*** DATA SUPPLIED ***

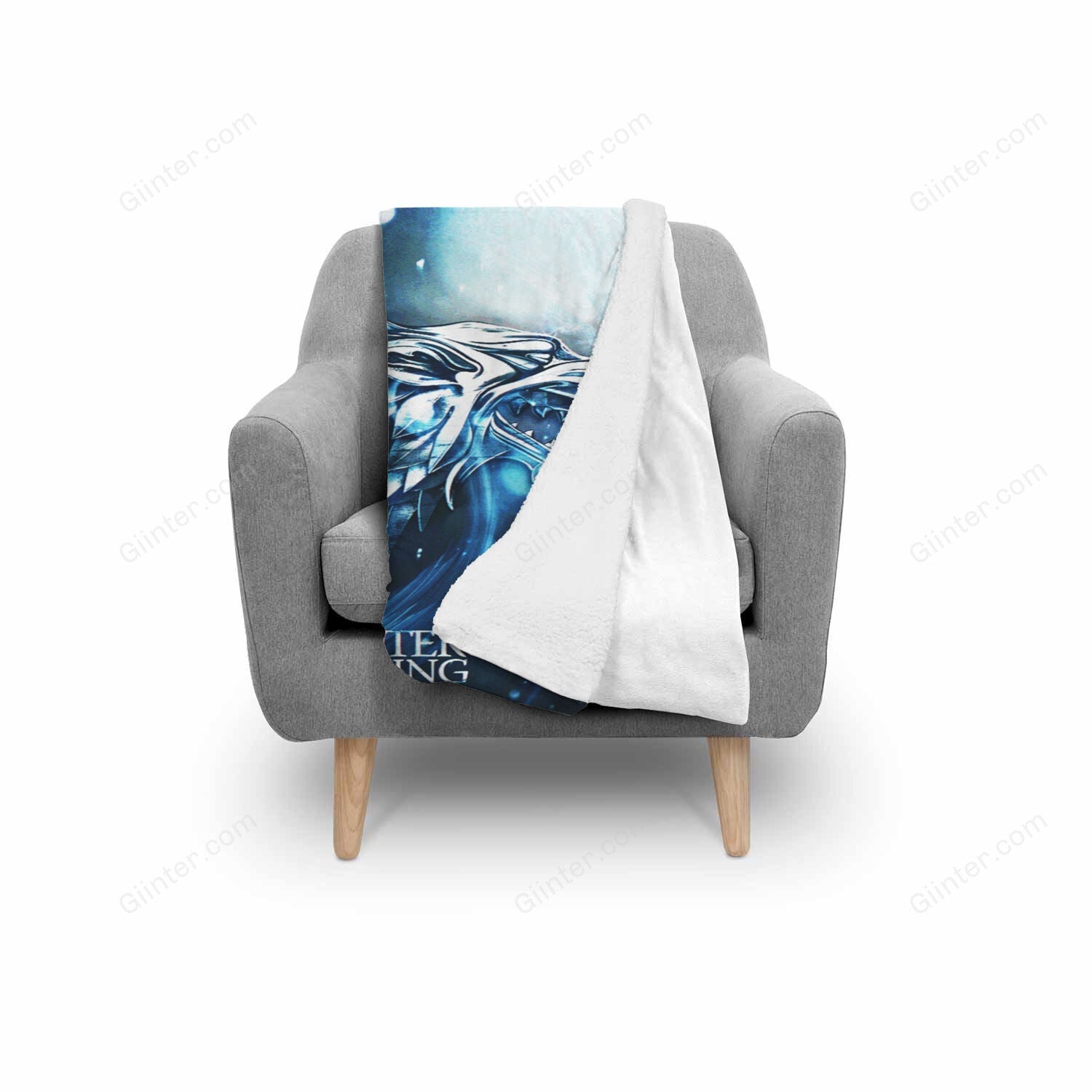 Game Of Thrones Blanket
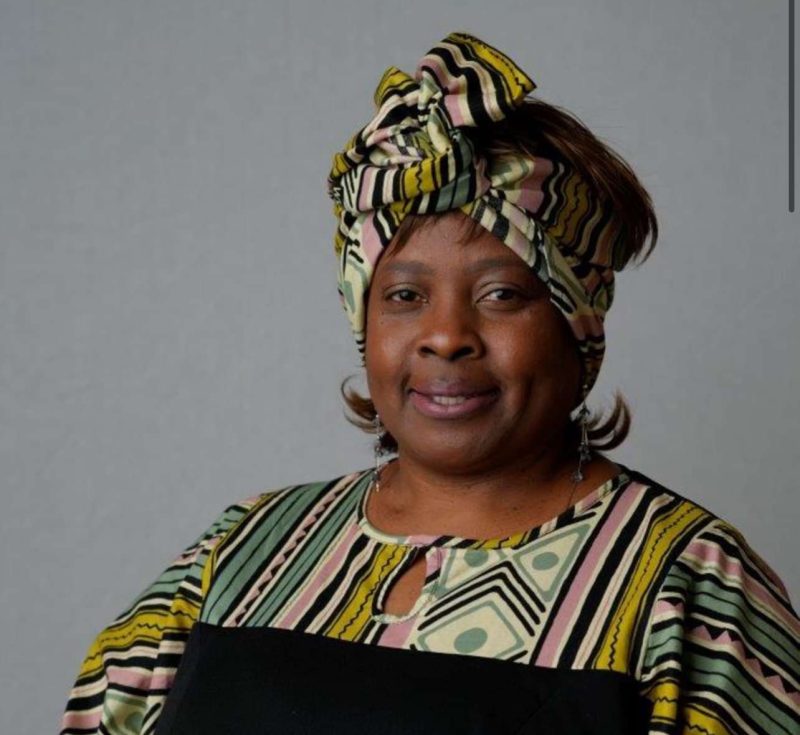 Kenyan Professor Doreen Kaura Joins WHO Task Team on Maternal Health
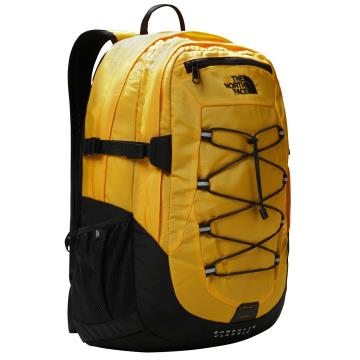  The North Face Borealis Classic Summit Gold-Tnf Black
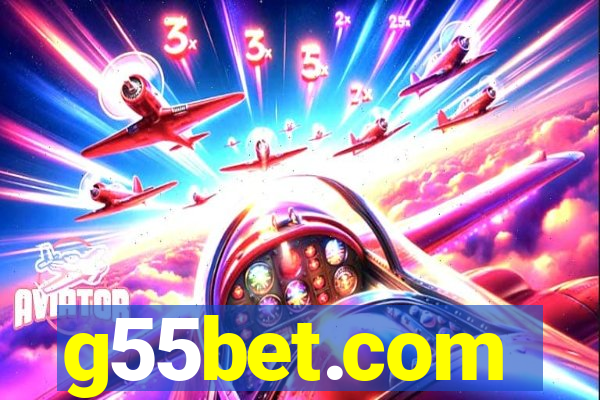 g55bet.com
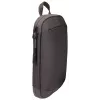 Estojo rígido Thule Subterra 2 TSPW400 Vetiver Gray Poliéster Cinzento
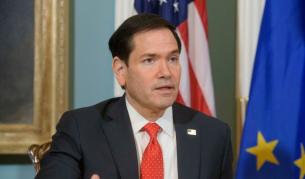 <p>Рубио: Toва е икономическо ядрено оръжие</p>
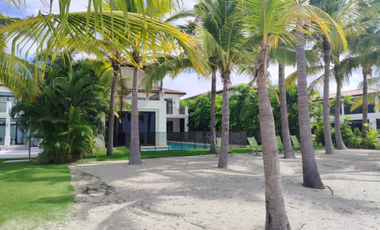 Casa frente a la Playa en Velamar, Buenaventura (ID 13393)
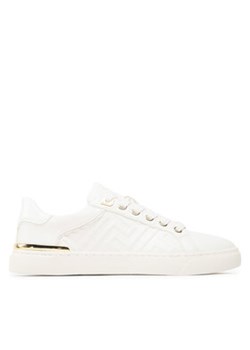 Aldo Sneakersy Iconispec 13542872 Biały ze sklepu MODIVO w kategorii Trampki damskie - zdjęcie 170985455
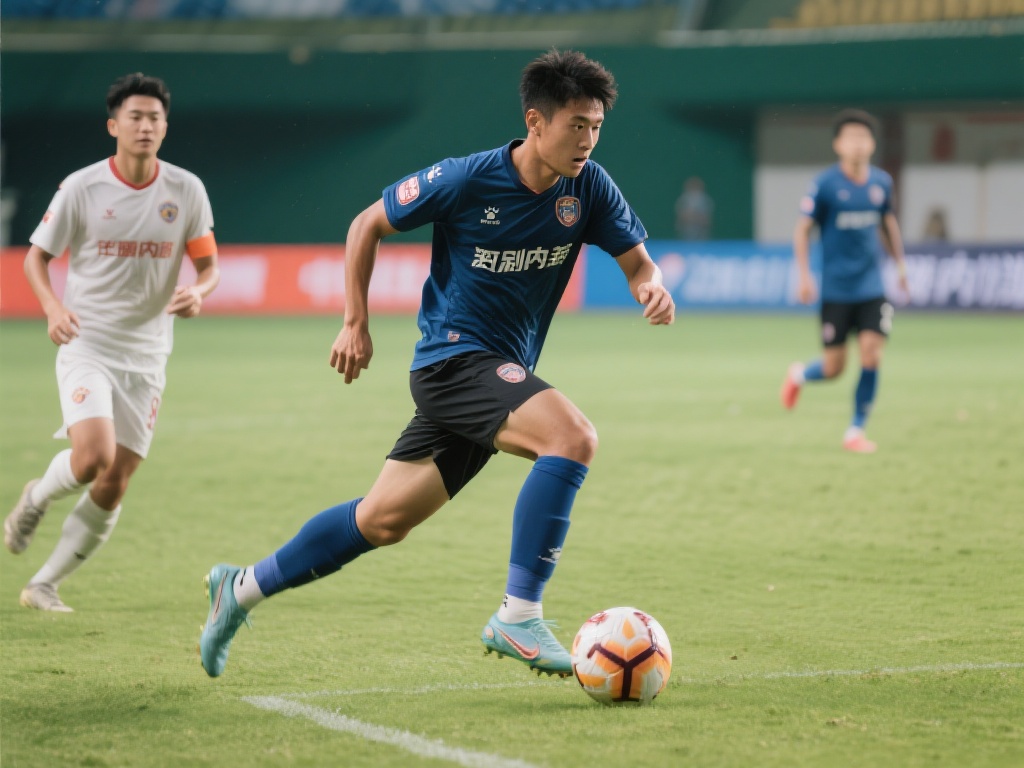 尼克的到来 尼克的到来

*** End of DATA SUPPLIED ***
*** DATA SUPPLIED ***

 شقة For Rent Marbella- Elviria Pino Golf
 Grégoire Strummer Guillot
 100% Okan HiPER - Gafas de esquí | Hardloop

*** End of DATA SUPPLIED ***
*** DATA SUPPLIED ***

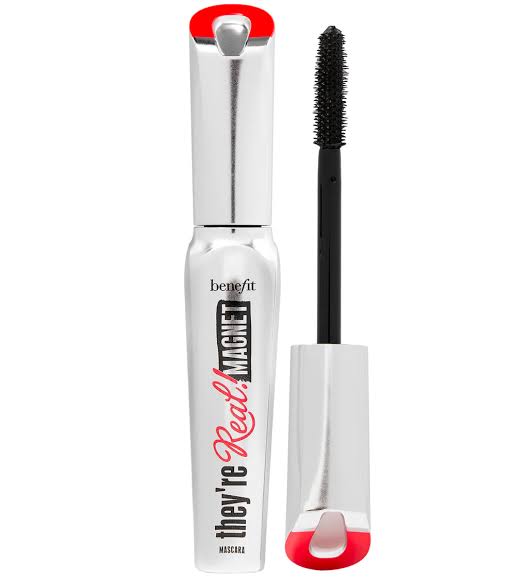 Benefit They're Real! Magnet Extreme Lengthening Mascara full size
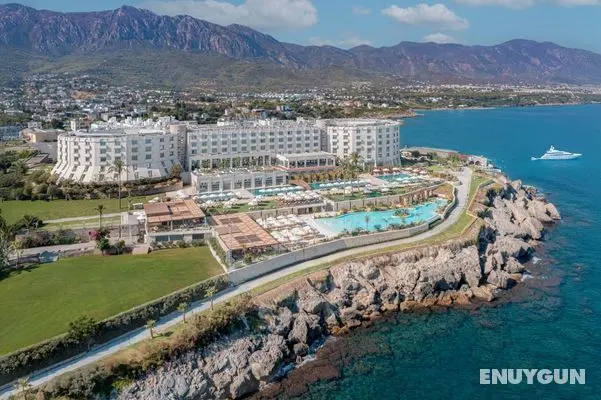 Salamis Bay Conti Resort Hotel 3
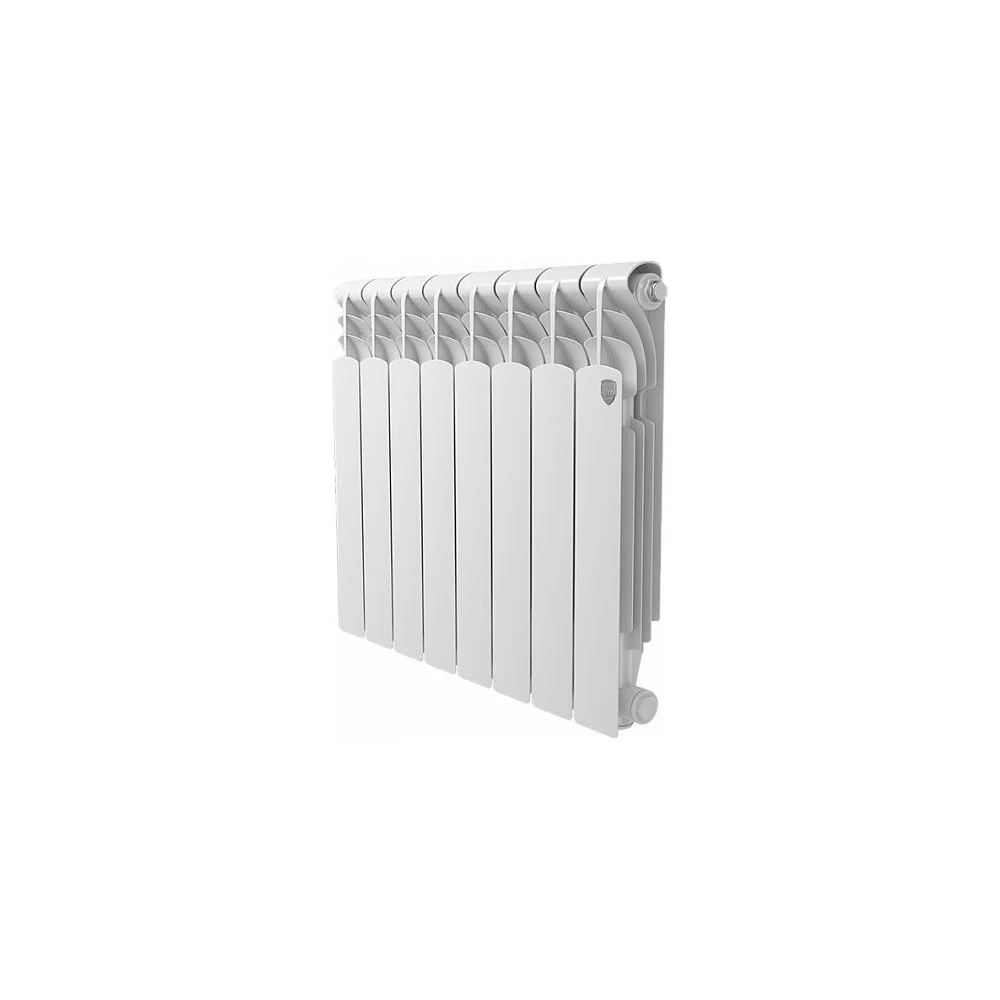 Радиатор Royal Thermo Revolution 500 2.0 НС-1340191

*** End of DATA SUPPLIED ***

* [ASSIGNMENT]: From the entries above, copy exactly the lines starting at the one with "Kenyan Professor Doreen" and stopping at the one with "尼克的到来 尼克的到来", keeping both ends. Drop the pictures.

* [RESPONSE]:
 Kenyan Professor Doreen Kaura Joins WHO Task Team on Maternal Health
  The North Face Borealis Classic Summit Gold-Tnf Black
 g55bet.com
 Estojo rígido Thule Subterra 2 TSPW400 Vetiver Gray Poliéster Cinzento
 <p>Рубио: Toва е икономическо ядрено оръжие</p>
 Casa frente a la Playa en Velamar, Buenaventura (ID 13393)
 Aldo Sneakersy Iconispec 13542872 Biały ze sklepu MODIVO w kategorii Trampki damskie - zdjęcie 170985455
 尼克的到来 尼克的到来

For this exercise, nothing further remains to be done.